Greek government bond yields were closing in on record lows on Monday after an official said a deal to repay International Monetary Fund loans is imminent, which would mark another step forward from the Athens’ debt crisis.
A senior official said late on Friday that Greece was looking to strike a deal over the weekend to repay early about half the loans it got from the IMF, in a bid to lower its debt-servicing costs.
Greece’s benchmark 10-year government bond yield slipped to 3.29 percent, its lowest since September 2005 and approaching the record low of 3.203 percent.
Five-year yields also reached a 13-year low of 2.16 percent late last week.
“If they do accomplish the early repayment, that helps them reduce the interest rate burden, and adds to what has been quite a good performance story,” said Commerzbank rates strategist Christoph Rieger.
Sources told Reuters that Greece is planning a bond issue in late June to raise money for the repayment.
Most euro zone bond spreads have been tightening after Europe and China released improved data late last week.
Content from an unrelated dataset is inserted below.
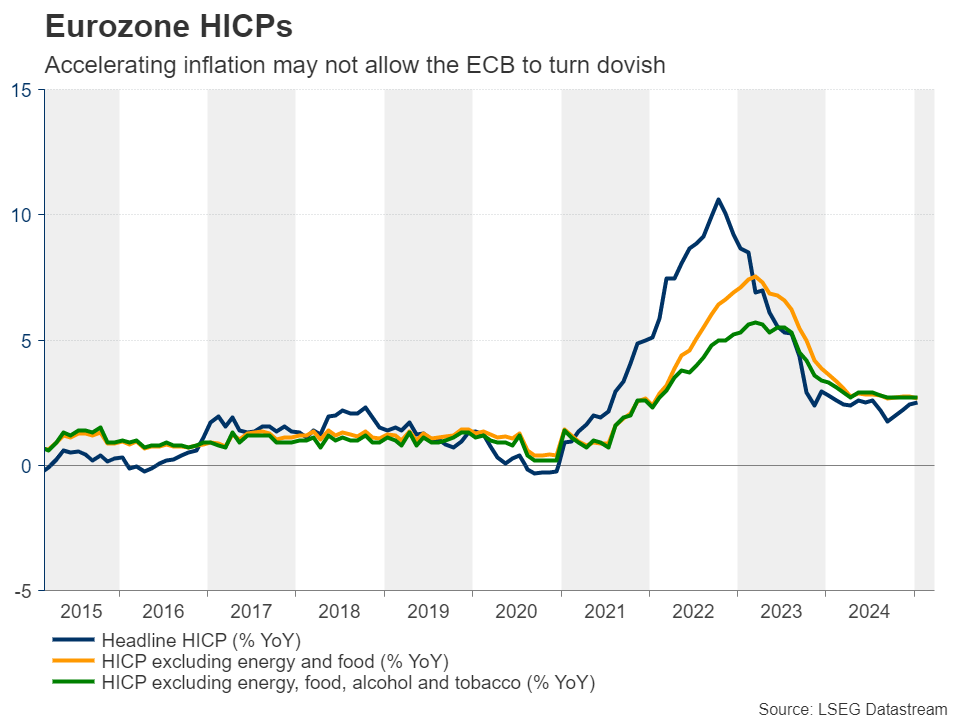 Eurozone HICPs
German 10-year yields, the benchmark for the region, hovered near a three-week high at 0.054 percent.
Euro zone industrial output declined in February but by less than expected, as mild weather meant a surge in energy production at the start of 2019 reversed.
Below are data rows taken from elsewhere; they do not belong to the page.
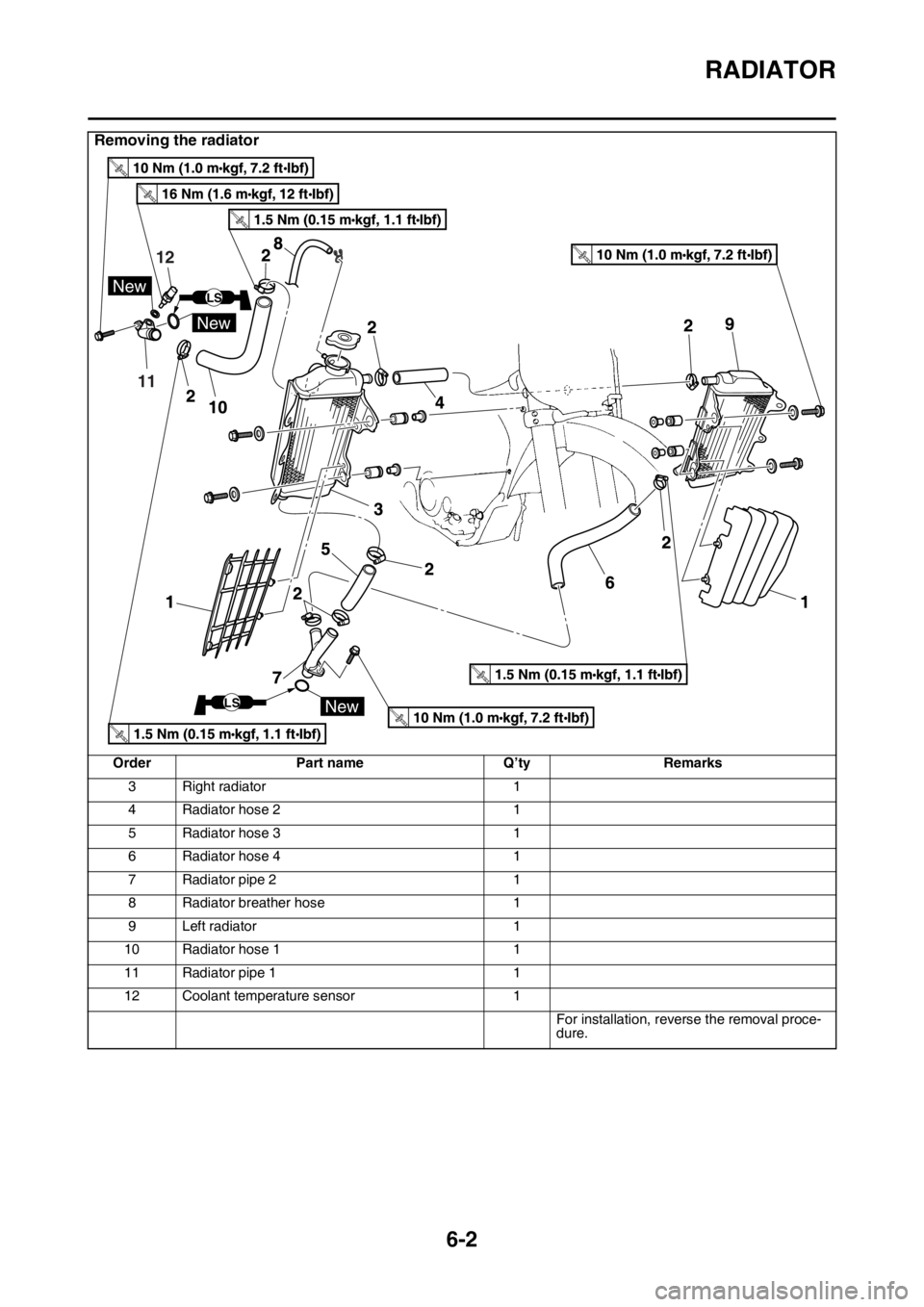 YAMAHA YZ250F 2015 User Guide RADIATOR
6-2
3 Right radiator 1
4 Radiator hose 2 1
5 Radiator hose 3 1
6 Radiator hose 4 1
7 Radiator pipe 2 1
8 Radiator breather hose 1
9 Left radiator 1
10 Radiator hose 1 1
11 Radiator pipe 1 1
1 YAMAHA YZ250F 2015 User Guide RADIATOR
6-2
3 Right radiator 1
4 Radiator hose 2 1
5 Radiator hose 3 1
6 Radiator hose 4 1
7 Radiator pipe 2 1
8 Radiator breather hose 1
9 Left radiator 1
10 Radiator hose 1 1
11 Radiator pipe 1 1
1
“With improved sentiment the picture for spreads should remain supportive with the central bank still on the cautious side,” rates strategists at ING said in a note.
They said “semi-core” spreads — referring to the likes of France and Belgium — should benefit the most, but Italian bond spreads could also tighten, given some supply constraints.
And Italian yields were lower across the board on Monday. The benchmark 10-year yield fell two basis points to 2.52 percent, and the Italy/Germany 10-year yield spread tightened to 246 bps.